> What is expected:
In the records below, find the line with "Ruhbauernhof Karte" and repeat exactly every line from it through the line with "Detalle 2 de". Pictures stay out.

> Listed entries:
__________

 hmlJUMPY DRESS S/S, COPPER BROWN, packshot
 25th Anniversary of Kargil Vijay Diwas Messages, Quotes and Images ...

__________

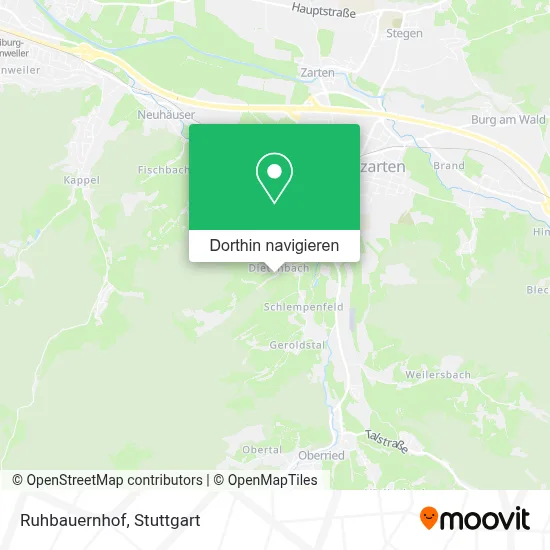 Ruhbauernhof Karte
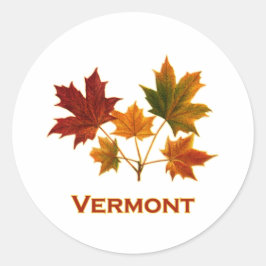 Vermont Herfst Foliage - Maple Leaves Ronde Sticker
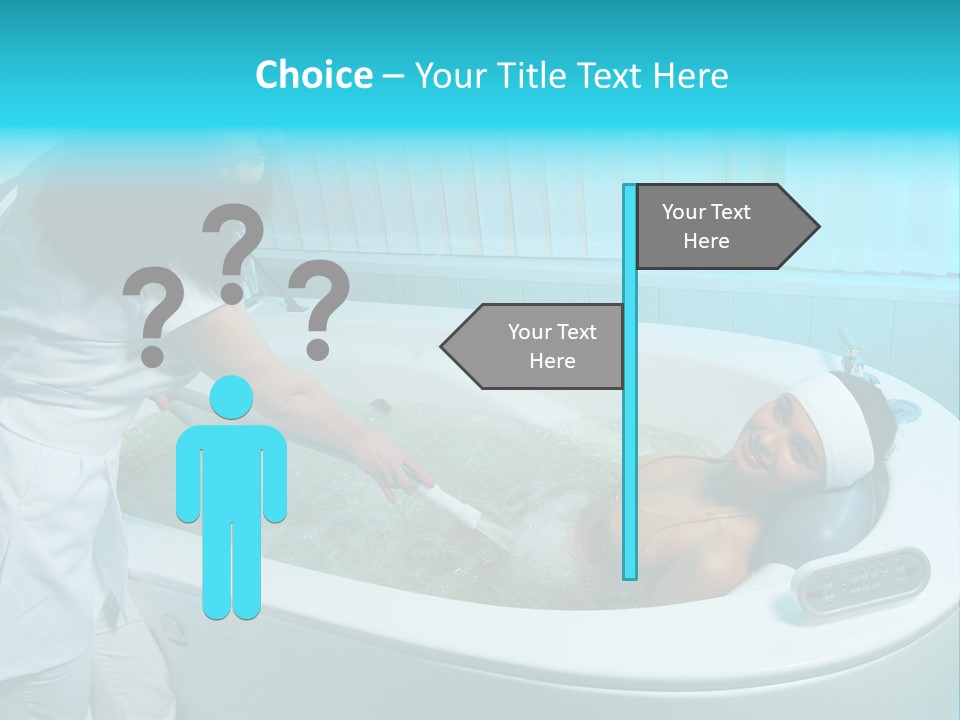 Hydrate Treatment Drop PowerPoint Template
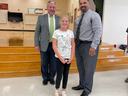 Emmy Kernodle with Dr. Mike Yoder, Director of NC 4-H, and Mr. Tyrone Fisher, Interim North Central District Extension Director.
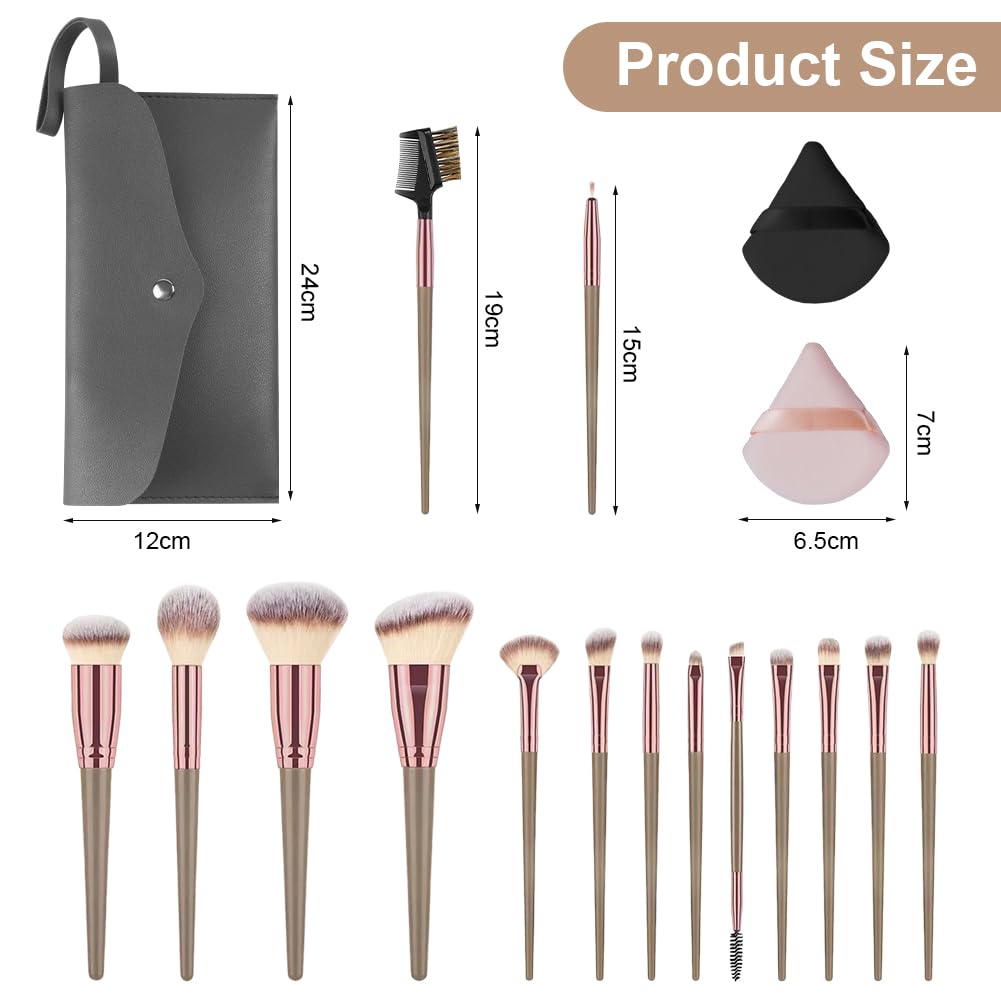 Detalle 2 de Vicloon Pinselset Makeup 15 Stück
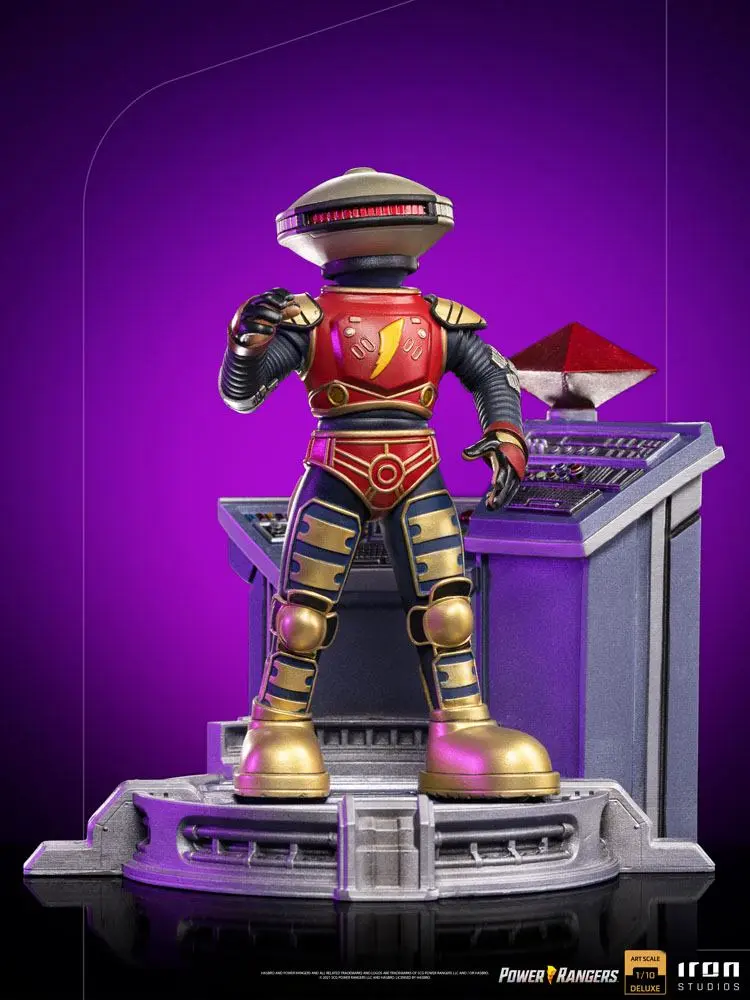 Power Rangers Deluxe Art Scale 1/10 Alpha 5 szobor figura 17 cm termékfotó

__________

> Solved exercise:
 Ruhbauernhof Karte
 Vermont Herfst Foliage - Maple Leaves Ronde Sticker
 Hydrate Treatment Drop PowerPoint Template
 Emmy Kernodle with Dr. Mike Yoder, Director of NC 4-H, and Mr. Tyrone Fisher, Interim North Central District Extension Director.
 Detalle 2 de Vicloon Pinselset Makeup 15 Stück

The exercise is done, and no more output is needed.